In this description and in the following claims, a “computer system” is defined as one or more software modules, one or more hardware modules, or combinations thereof, which work together to perform operations on electronic data. For example, the definition of computer system includes the hardware components of a personal computer, as well as software modules, such as the operating system of the personal computer. The physical layout of the modules is not important. A computer system may include one or more computers coupled via a computer network. Likewise, a computer system may include a single physical device (such as a mobile phone or Personal Digital Assistant “PDA”) where internal modules (such as a memory and processor) work together to perform operations on electronic data.

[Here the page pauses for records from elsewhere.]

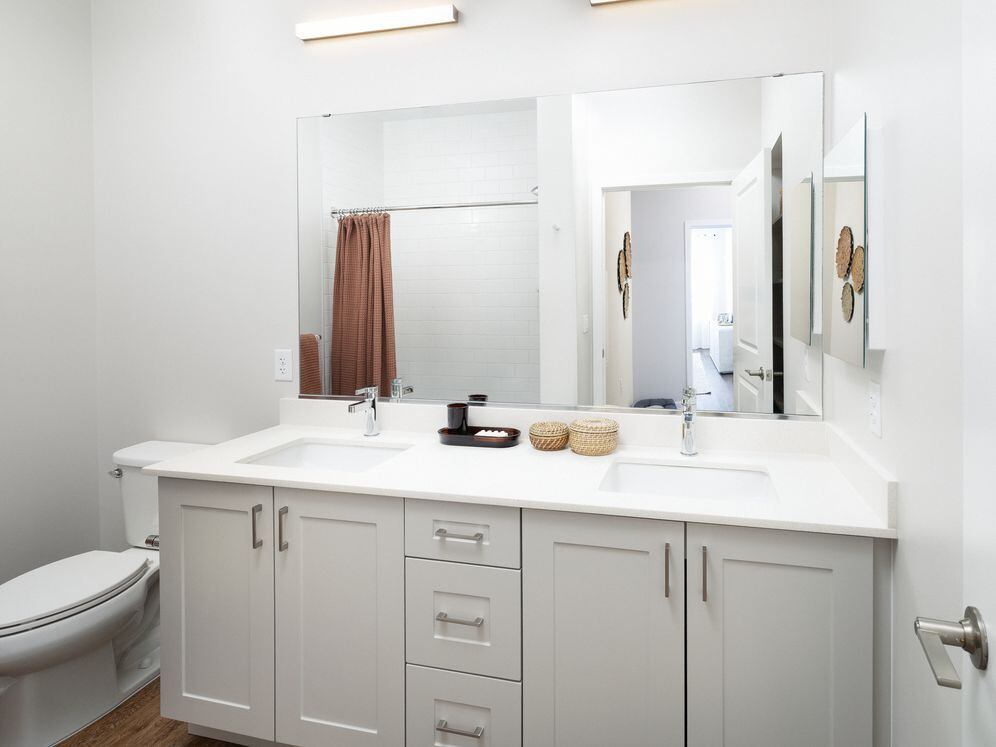 New West Phase apartments - Finish Package III Bathroom with white quartz countertops, grey cabinetry, and hard surface flooring
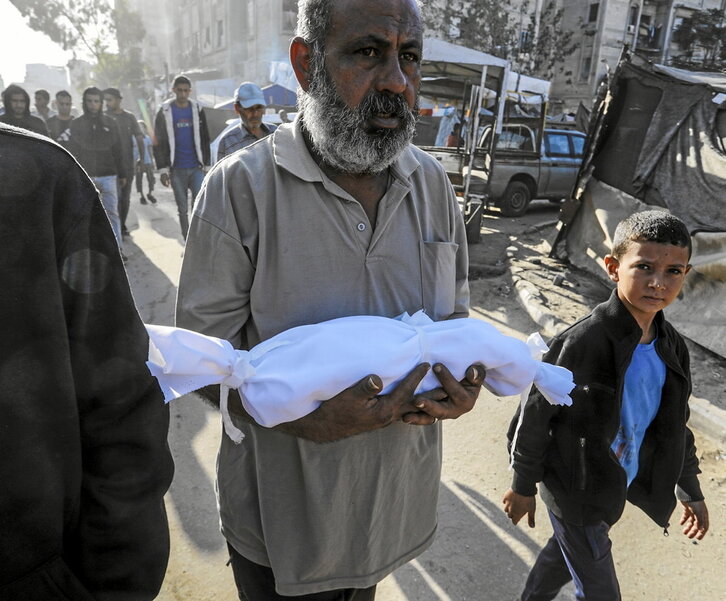 Un hombre lleva un niño muerto en un ataque israelí en Ciudad de Gaza.
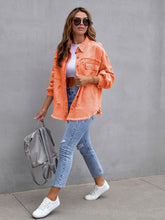 Front view of model in a tangerine CloudKitten Distressed Drop Shoulder Denim Jacket, featuring button-up front, relaxed silhouette, and distressed accents.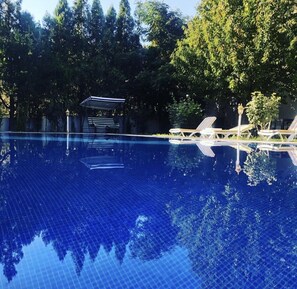 Outdoor pool, pool umbrellas, sun loungers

Reference is now made to FIG. 4 which illustrates schematically a simplified computer system 40. Computer system 40 includes a processor 401, a storage mechanism including a memory bus 407 to store information in memory 409 and a network interface 405 operatively connected to processor 401 with a peripheral bus 403. Computer system 40 further includes a data input mechanism 411, e.g. disk drive for a computer readable medium 413, e.g. optical disk. Data input mechanism 411 is operatively connected to processor 401 with peripheral bus 403.

Those skilled in the art will appreciate that the invention may be practiced with many types of computer system configurations, including mobile telephones, PDA's, pagers, hand-held devices, laptop computers, personal computers, multi-processor systems, microprocessor-based or programmable consumer electronics, network PCs, minicomputers, mainframe computers, and the like. The invention may also be practiced in distributed computing environments where local and remote computer systems, which are linked (either by hardwired links, wireless links, or by a combination of hardwired or wireless links) through a communication network, both perform tasks. In a distributed computing environment, program modules may be located in both local and remote memory storage devices.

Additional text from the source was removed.